Question

[Londondrug]

There are 8 chairs in a row. 8 persons,including 3 males and 5 females would take a seat there. What's the probability that at least 2 males will sit beside each other?

[Academic Actuary]

Do you have a numerical answer? I got 26/56 but I don't know if it is correct.

[daaaave]

I have a couple of arguments that give 36/56.

Serious suggestion for small combinatorics problems: list out all the possibilities and count. There are 8 choose 3 = 56 ways to seat the people, so listing them and counting should take you under 3 minutes. More importantly, listing them will help you see patterns that will let you understand where the combinatorial formulas come from. Not listing cases in a combinatorics problem that you can't do is like not drawing a picture in a geometry problem that you can't do.

[daaaave]

Four solutions:

1. List out the possibilities. Number the chairs 1 through 8 from left to right. Then to have at least 2 men beside each other, we need the men to sit in one of the following arrangements of seats:

Spoiler:

Code:

123 124 125 126 127 128
234 235 236 237 238
134 345 346 347 348
145 245 456 457 458
156 256 356 567 568
167 267 367 467 678
178 278 378 478 578

There are 36 such cases, giving us 36/56.

2. Keep in mind the list from the previous solution. How can we count them efficiently? Of the men who sit together, one of them is on the left.

Spoiler:

If the leftmost man sits in seat 1, then a second sits in 2, and there are 6 seats left for the 3rd guy.

If the leftmost man in the clump sits in seat n for n>=2, then the second sits in n+1, and the 3rd can sit anywhere but n, n+1 (since those are full) or n-1 (since that would give one of our other cases). So there are 5 places for the 3rd guy to sit. The leftmost man in the group can sit anywhere from 1 to 7. He can't be in seat 8 since no one is to the right, and we already did n=1, leaving 6 places for the first guy, for a total of 6*5 combinations here.

That gets us up to the same 6+6*5=36 combinations that worked from the list, or 36/56 for our total.

3. Counting differently: How many ways can all 3 sit together? How many ways can exactly 2 sit together?

Spoiler:

For all 3 to be together, the leftmost guy can be in any seat from 1 to 6, so there are 6 ways to do that.

For exactly 2 to be together, you could be together at one end (i.e., seats 1 and 2 or 7 and 8). To avoid having all 3 together, you need a woman to be next, leaving 5 seats for the 3rd man. There are 2 ends, so there are 2*5 ways for that to happen.

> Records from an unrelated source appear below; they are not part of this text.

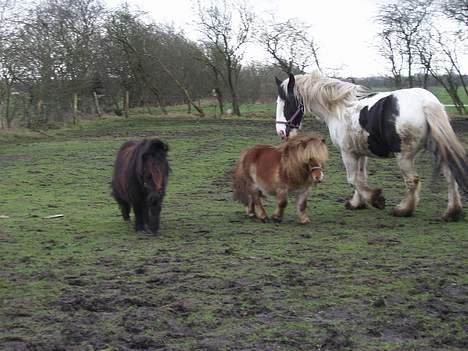 Tinker Chika Cherie - kan i så opføre jer ordenligt billede 10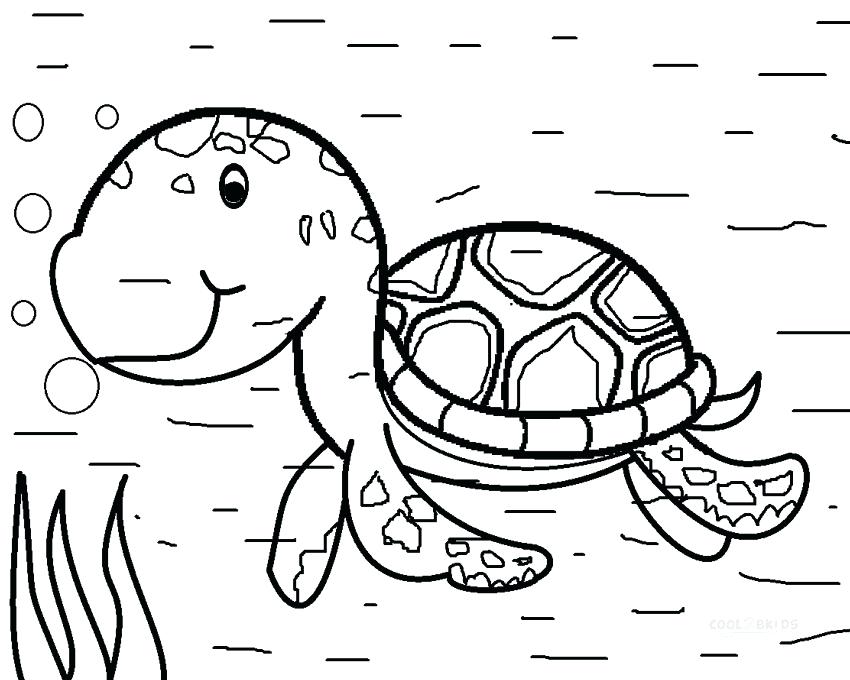 850x680 Coloring Pages For Kids Online Adults Halloween Witch Sea Turtles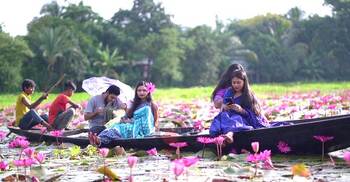 শাপলার সৌন্দর্যে ভরপুর গোপালগঞ্জের বিল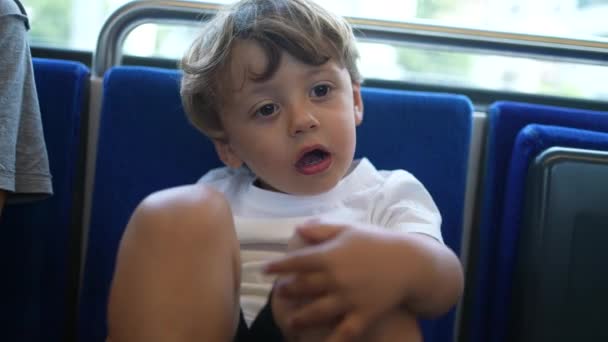 Due Fratelli Che Viaggiano Treno Bambini Sui Trasporti — Video Stock
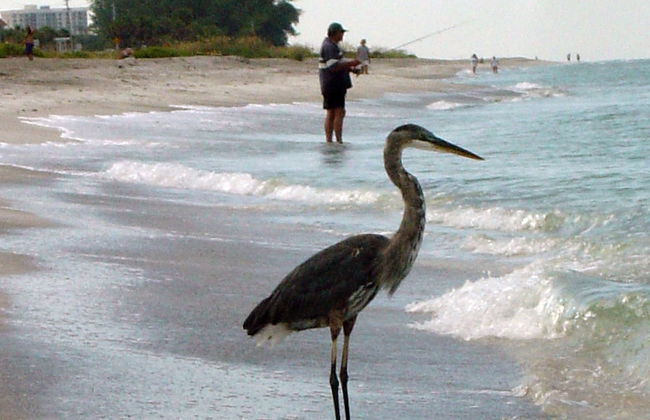Casa Del Mar Longboat Key - Foto 49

If they aren't together at one end, you have FMMF somewhere. The leftmost man in that group can be in any seat from 2 to 6, or 5 choices. There are 4 seats left for the 3rd man, or 5*4 choices left.

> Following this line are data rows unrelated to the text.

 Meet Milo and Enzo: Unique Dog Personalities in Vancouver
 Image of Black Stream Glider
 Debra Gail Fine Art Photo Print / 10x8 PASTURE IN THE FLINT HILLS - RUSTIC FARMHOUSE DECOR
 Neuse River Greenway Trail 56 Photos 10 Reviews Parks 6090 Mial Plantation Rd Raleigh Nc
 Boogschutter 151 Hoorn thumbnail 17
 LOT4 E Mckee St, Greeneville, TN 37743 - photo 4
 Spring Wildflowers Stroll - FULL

That gives a total of 6+2*5 + 5*4 =36.

4. We can count the complement: How many ways can the men sit all apart?

Spoiler:

To have the 3 men not sit together, the leftmost man has a woman on the right, for a MF somewhere. Likewise, the middle man has a woman on the right, for a second MF. There is no such constraint on the 3rd man as he might be in the rightmost seat, so he is just a lone M somewhere. There are 3 women left to be assigned, so we really have 6 "people" with 3 single F, our two MF, and our one M. There are 6 choose 3 ways to choose where the F sit, for 20 ways.

There are 56 total ways to choose which 3 seats the men get, 20 have the men apart, so 56-20=36 ways for at least 2 to be together.

[Academic Actuary]

Quote:

Originally Posted by daaaave

I have a couple of arguments that give 36/56.

Serious suggestion for small combinatorics problems: list out all the possibilities and count. There are 8 choose 3 = 56 ways to seat the people, so listing them and counting should take you under 3 minutes. More importantly, listing them will help you see patterns that will let you understand where the combinatorial formulas come from. Not listing cases in a combinatorics problem that you can't do is like not drawing a picture in a geometry problem that you can't do.

I agree with 36/56. I forgot the cases with MMW in the first three seats and WMM in the last three.

[Londondrug]

Thanks Davvvve for your input and suggestions.
I meet with this kind of problem from ASM test occasionally, not very confident about it. It cost me much more time than other questions because I can't find a general solution to deal with it. Now I have your solutions.

to Academic Actuary, I created this question by my own, as you were, not so confident with my own answer and solution, so I put it down here.

Thanks again for doctor Daaave.